Monitoring for weevils is being carried out every 10 days in many alfalfa fields. There are signs of weevil activity beginning. She said, "It looks like the on-off cold weather had slowed down the activity of insects along with the growth of plants."
Besides spotting weevil activity in isolated fields, several yellow butterflies, called alfalfa butterflies were seen flying in alfalfa and weeds on field edges. While these butterflies are pretty and pleasing to eyes, Chirumamilla said it is important to know that their larvae, known as alfalfa caterpillars feed on alfalfa leaves.

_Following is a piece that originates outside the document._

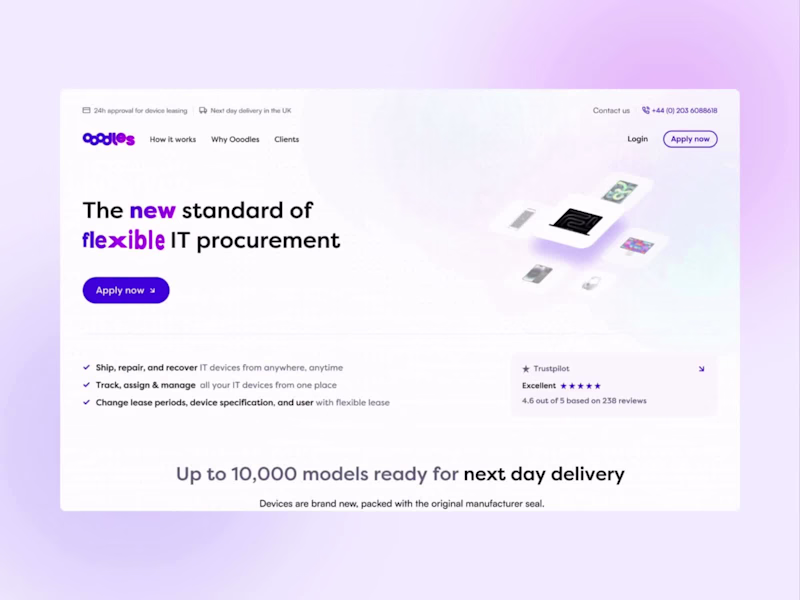 Cover image for Ooodles digital experience transformation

The butterflies are pale to bright yellow or orange in color with black wing margins and two dark spots on the front wings. The caterpillars are velvety green with a white stripe running on each side of the body. Unlike alfalfa weevil larva, Chirumamilla explained that alfalfa caterpillar feeds on entire leaves including the veins and mid-rib. "Larvae are very sensitive to touch and roll-up when disturbed or dislodged from plant. The best time to see them actively feeding is early in the morning," she said.
There are four to seven generations occurring through the crop season of May through October due to which different stages of the insect - egg to adult - can be seen at any time in the season. "Scouting for these caterpillars should be done using a sweep net and chemical spraying should be considered only if the number of larvae exceeds 10 per sweep," Chirumamilla said.

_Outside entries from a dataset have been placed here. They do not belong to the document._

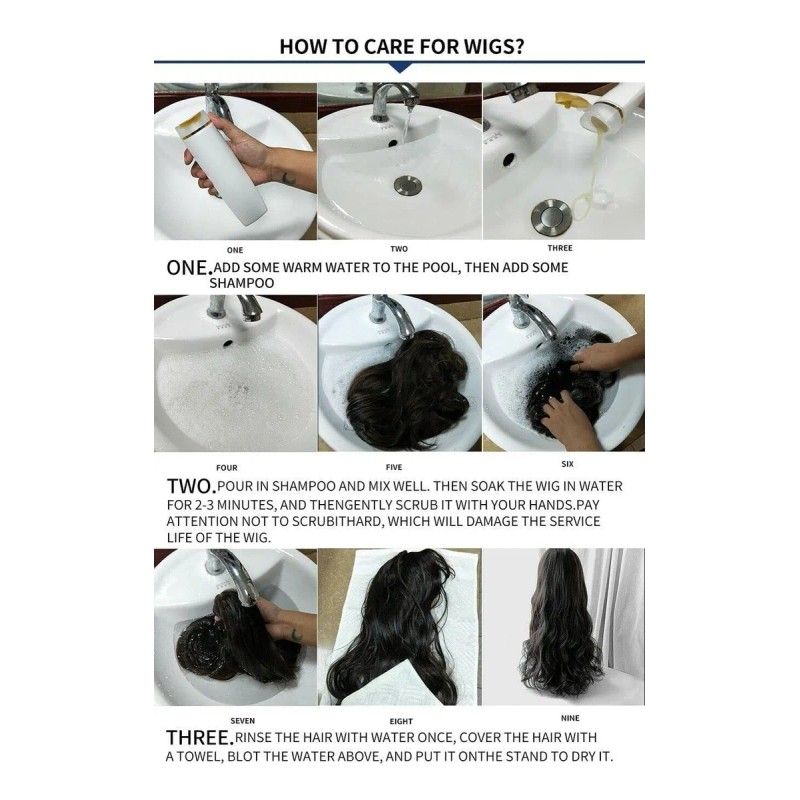 Pelucas De Cabello Natural Bob Negro Corto Y Liso Para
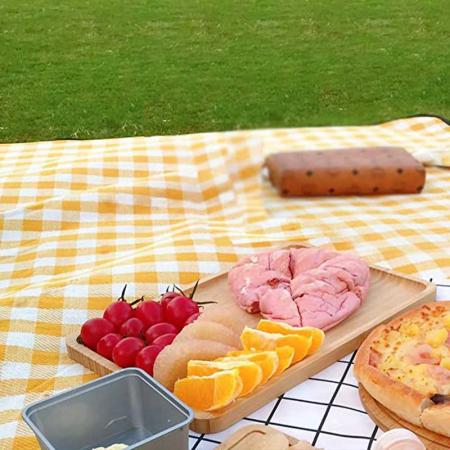 Foldable Picnic Blankets Extra Large Portable Beach Check Mat for Camping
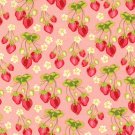 Michael Miller - Medow Sweet - Strawberry Fields - Pattern #: SH4239_Pink - 1 Yard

The other insect that was seen actively running in alfalfa fields was a lygus bug, commonly known as a tarnished plant bug. "It is a true bug about 0.1 to 0.25 inches in length, oval-shaped, and green to brown in color," Chirumamilla said.
She said it can be easily recognized by a distinctive triangle on the back and large bulging eyes. Nymphs are green and similar to adults but lack wings. They look like large aphids from a distance. Both nymphs and adults of lygus bugs have piercing and sucking mouthparts allowing them to feed on plant sap. The saliva of these bugs also causes necrosis of plant tissue at the feeding spot. Lygus species are severe pests in seed alfalfa and many other field crops but not a serious concern in forage alfalfa.
Chirumamilla said that neither the alfalfa caterpillar nor lygus bug are considered serious pests of forage alfalfa. "Presence of these might actually help feeding the natural predator and parasitoid populations," she said. "However, alfalfa caterpillars can be damaging in case of high populations. Scouting frequently with a sweep net and keeping an eye on insect species and populations is always a safe and secure practice."